::: DATA PROVIDED :::

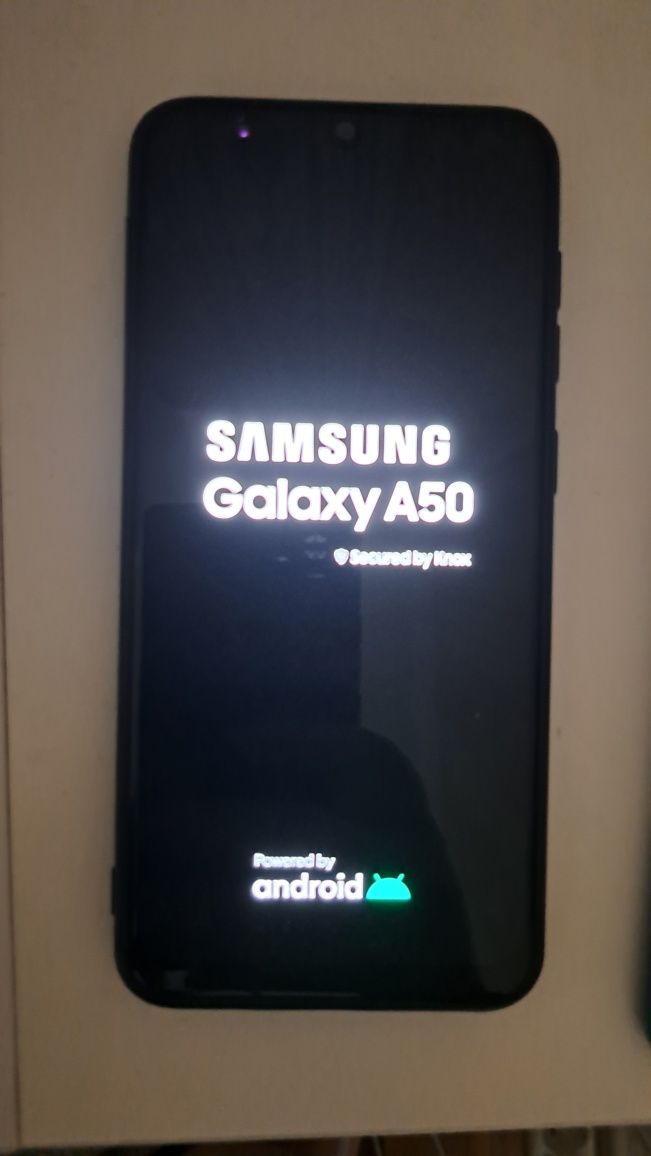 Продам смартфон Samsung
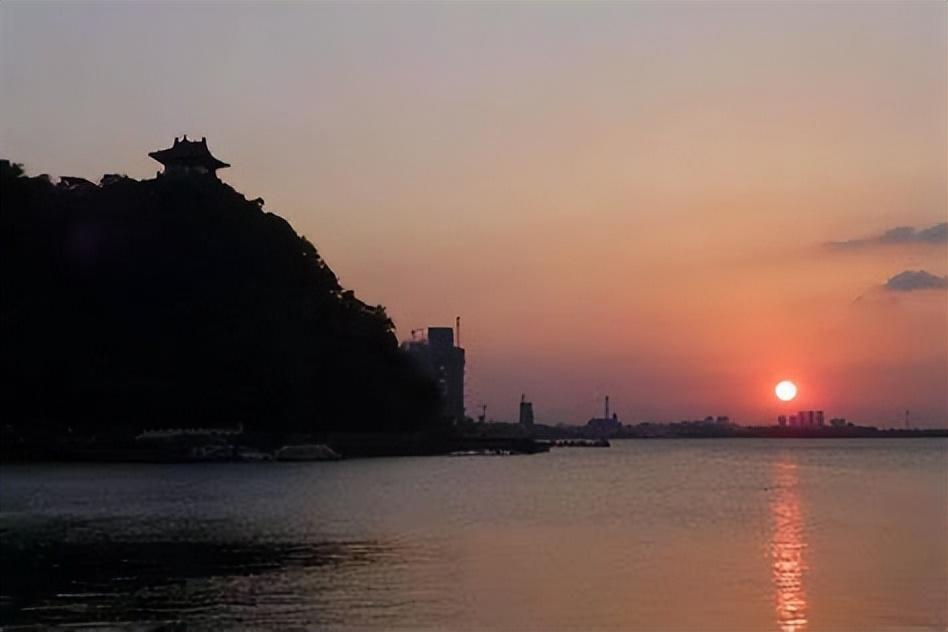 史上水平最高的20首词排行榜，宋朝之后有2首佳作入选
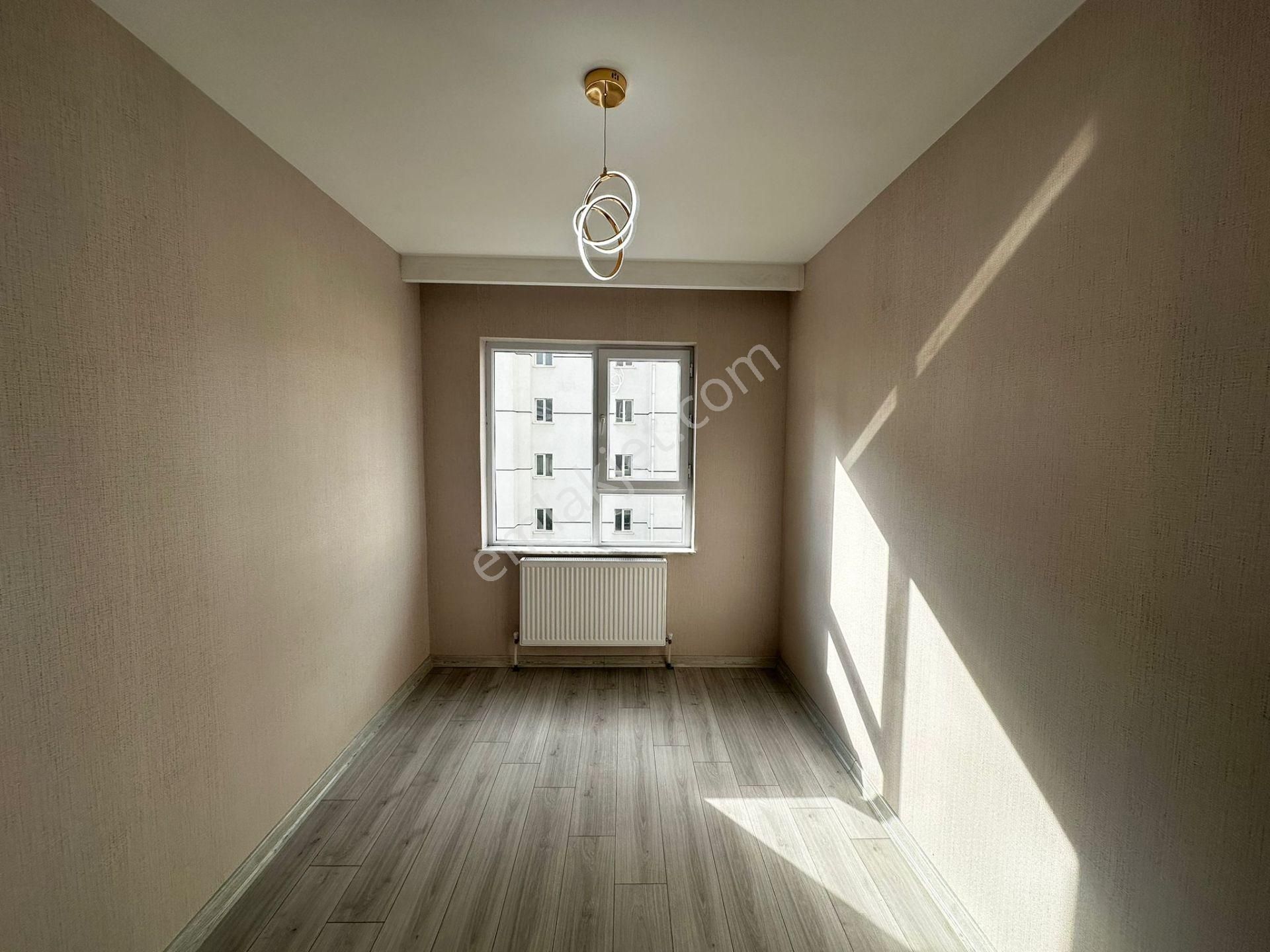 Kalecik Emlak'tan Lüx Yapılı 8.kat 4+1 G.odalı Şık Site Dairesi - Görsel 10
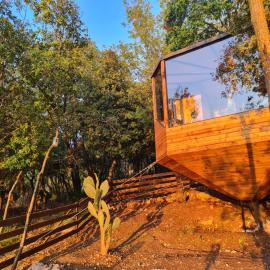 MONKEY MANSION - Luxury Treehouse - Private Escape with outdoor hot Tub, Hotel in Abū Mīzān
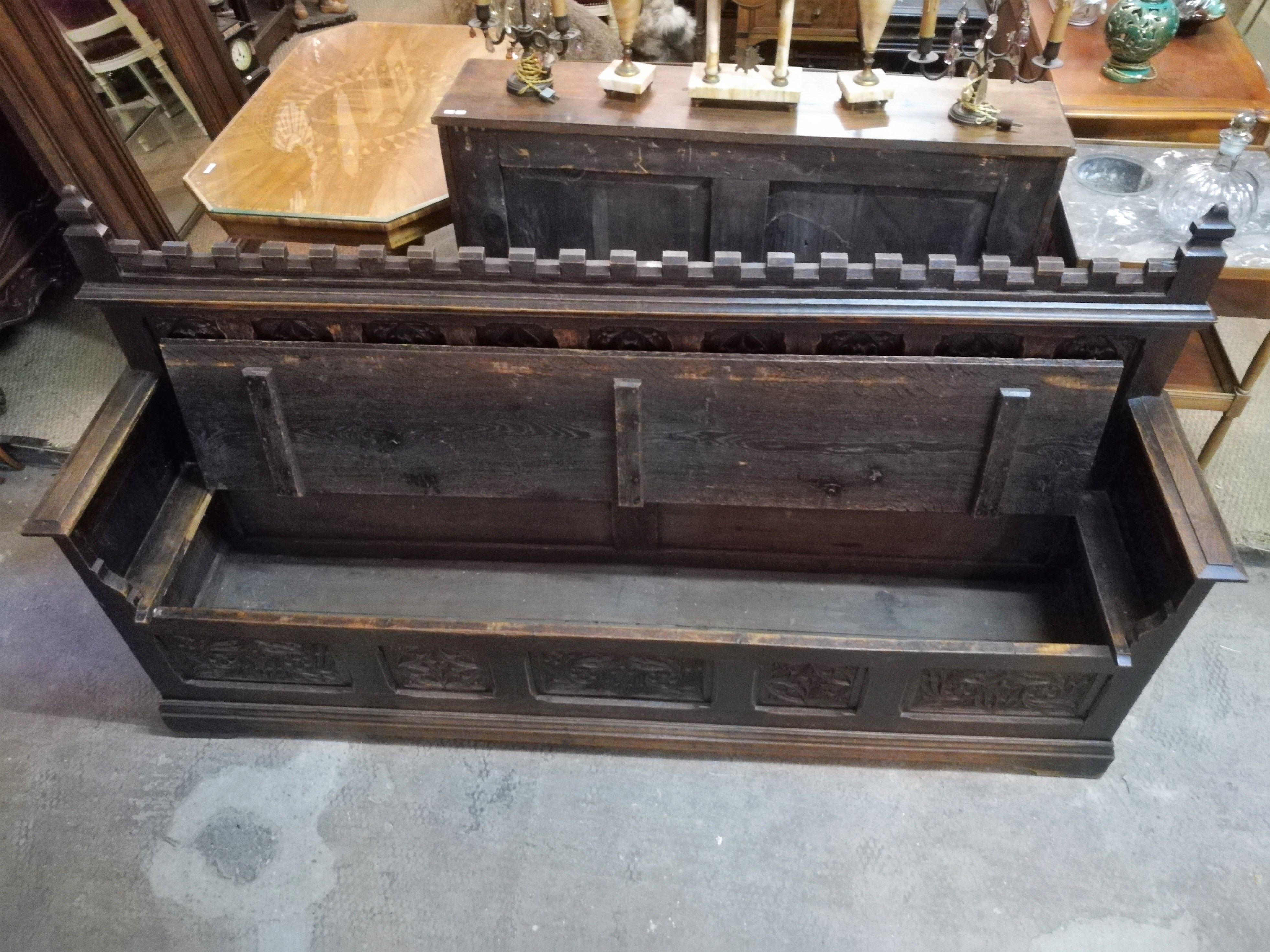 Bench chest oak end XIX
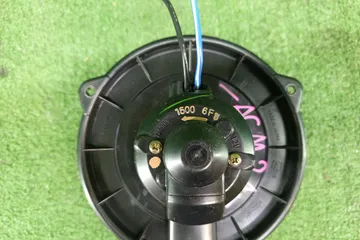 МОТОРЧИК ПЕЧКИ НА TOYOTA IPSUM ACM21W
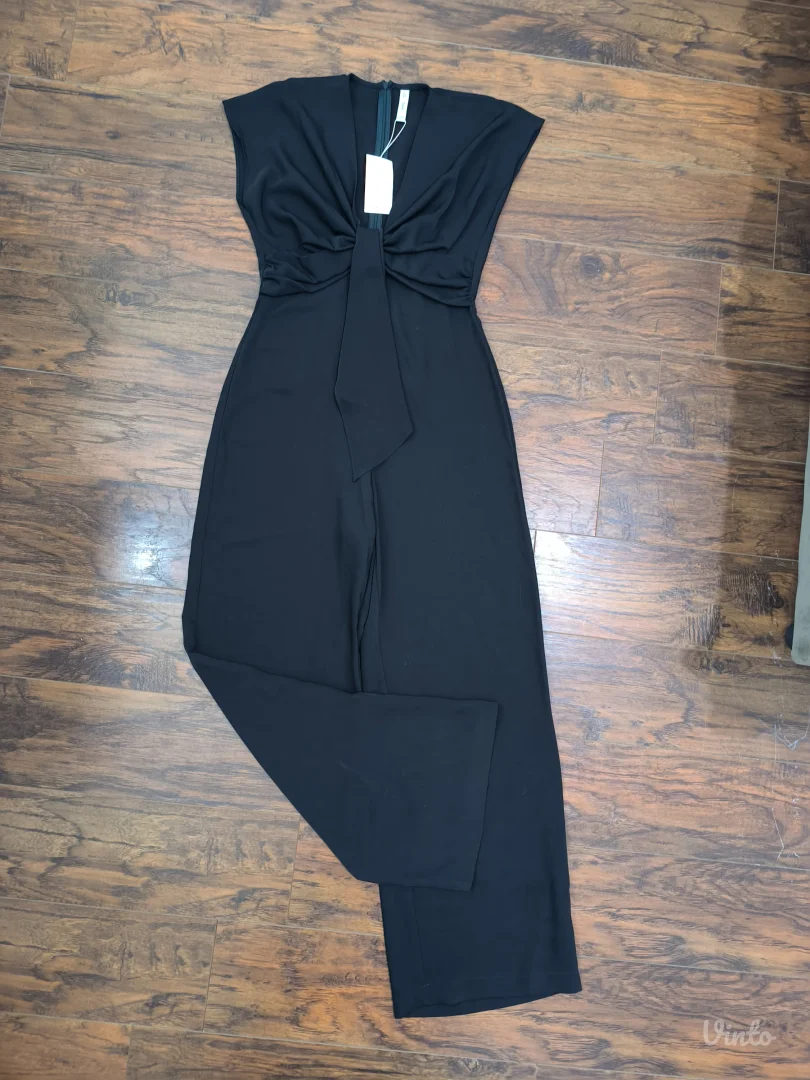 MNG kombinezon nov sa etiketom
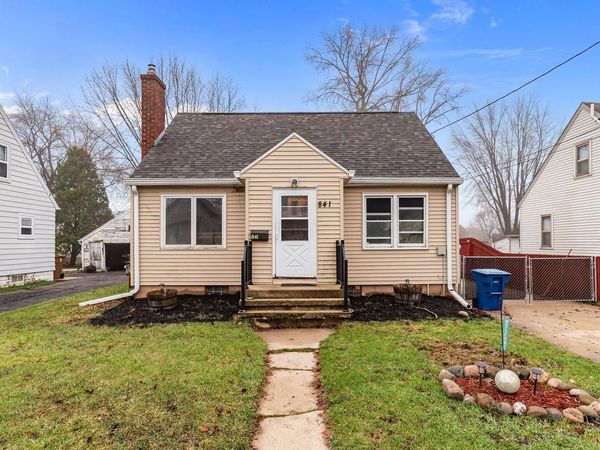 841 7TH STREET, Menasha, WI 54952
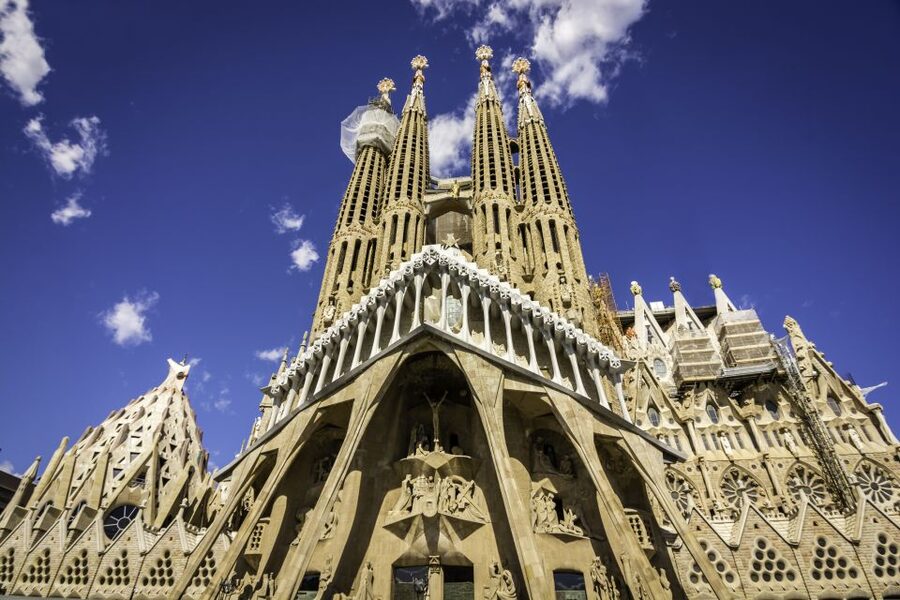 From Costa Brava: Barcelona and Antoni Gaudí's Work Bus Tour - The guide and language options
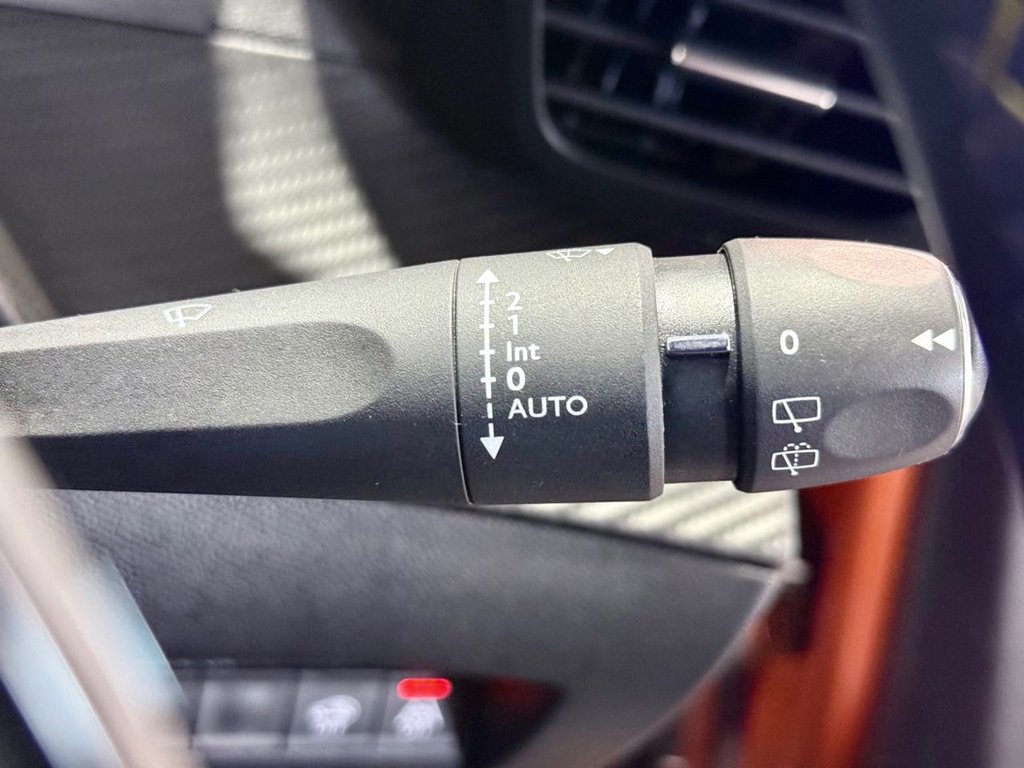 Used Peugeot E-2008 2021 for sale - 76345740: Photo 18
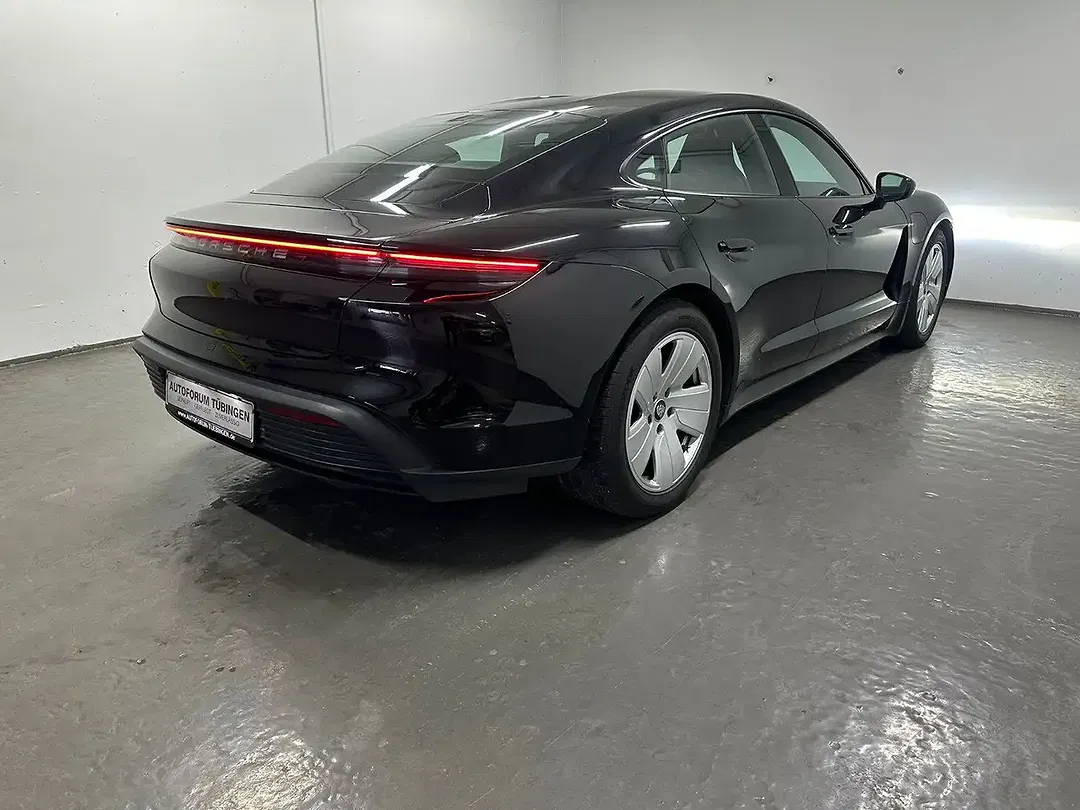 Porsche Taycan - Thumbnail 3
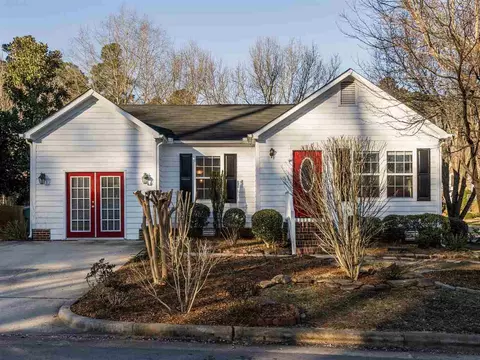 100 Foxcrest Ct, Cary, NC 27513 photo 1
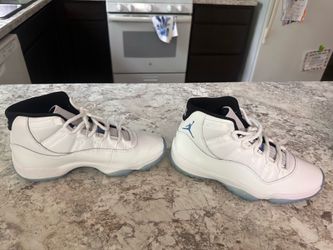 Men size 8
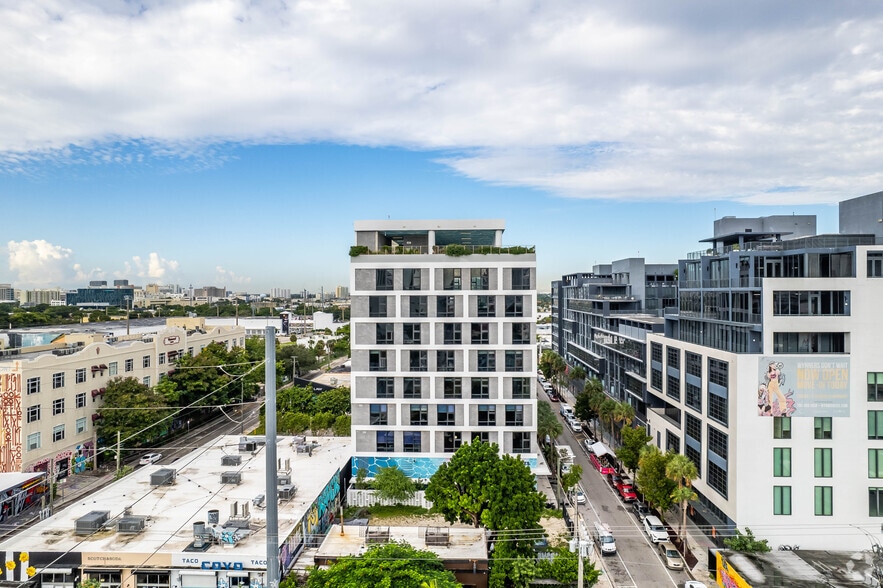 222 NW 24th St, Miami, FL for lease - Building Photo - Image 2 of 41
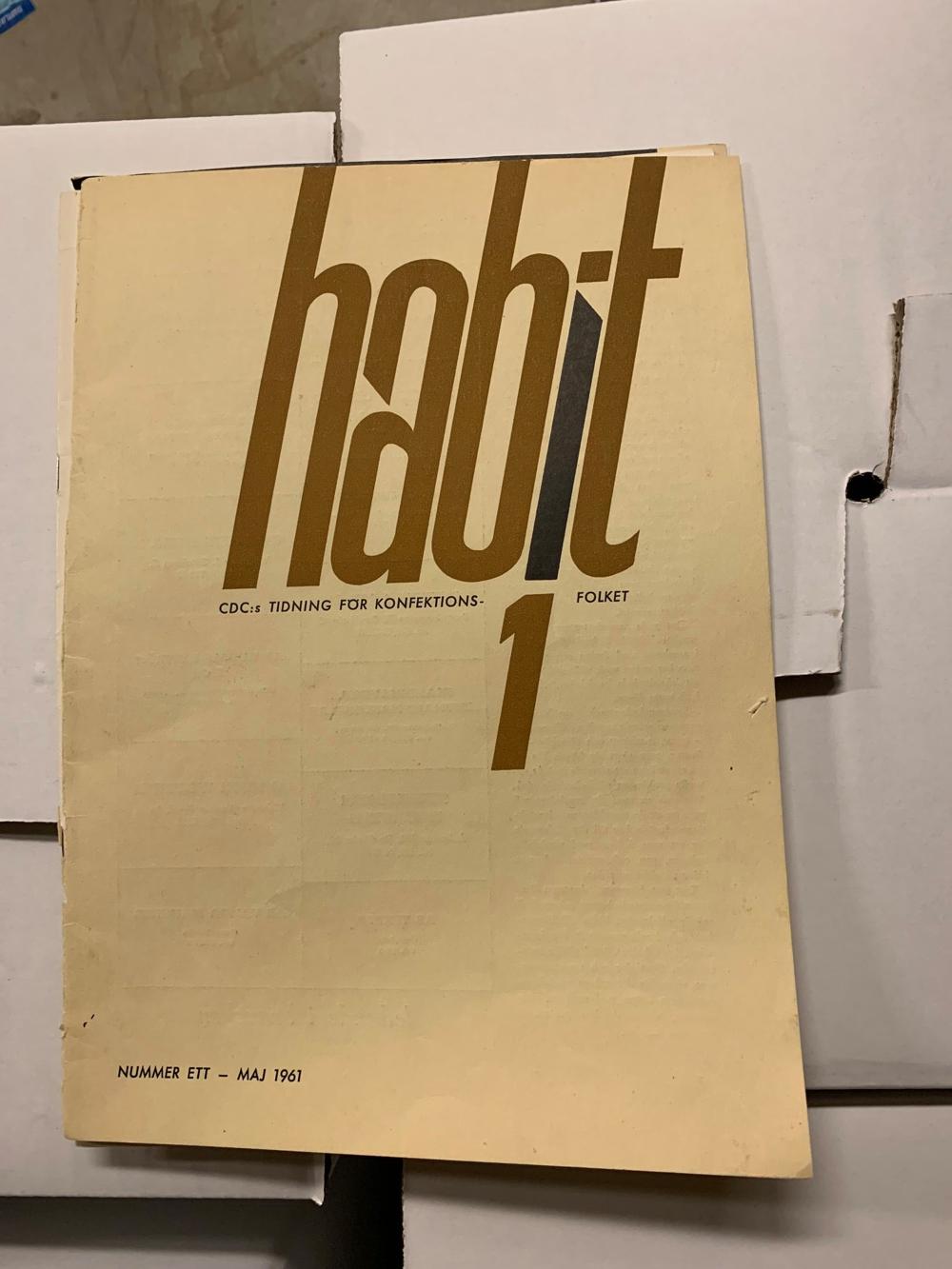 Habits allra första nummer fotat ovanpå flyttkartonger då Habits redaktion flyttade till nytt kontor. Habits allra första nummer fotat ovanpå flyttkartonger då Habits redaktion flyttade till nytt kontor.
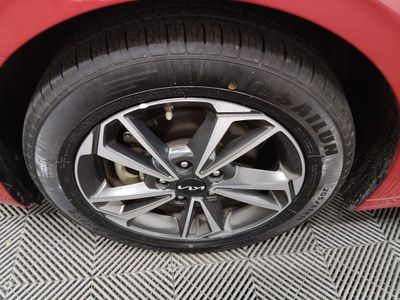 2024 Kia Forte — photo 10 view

:::

PROBLEM DETAILS |
Write out again exactly the lines above from the one with "MONKEY MANSION - Luxury" through the one with "222 NW 24th", adding no other lines and no pictures.

TASK OUTPUT |
 MONKEY MANSION - Luxury Treehouse - Private Escape with outdoor hot Tub, Hotel in Abū Mīzān
 Bench chest oak end XIX
 МОТОРЧИК ПЕЧКИ НА TOYOTA IPSUM ACM21W
 MNG kombinezon nov sa etiketom
 841 7TH STREET, Menasha, WI 54952
 From Costa Brava: Barcelona and Antoni Gaudí's Work Bus Tour - The guide and language options
 Used Peugeot E-2008 2021 for sale - 76345740: Photo 18
 Porsche Taycan - Thumbnail 3
 100 Foxcrest Ct, Cary, NC 27513 photo 1
 Men size 8
 222 NW 24th St, Miami, FL for lease - Building Photo - Image 2 of 41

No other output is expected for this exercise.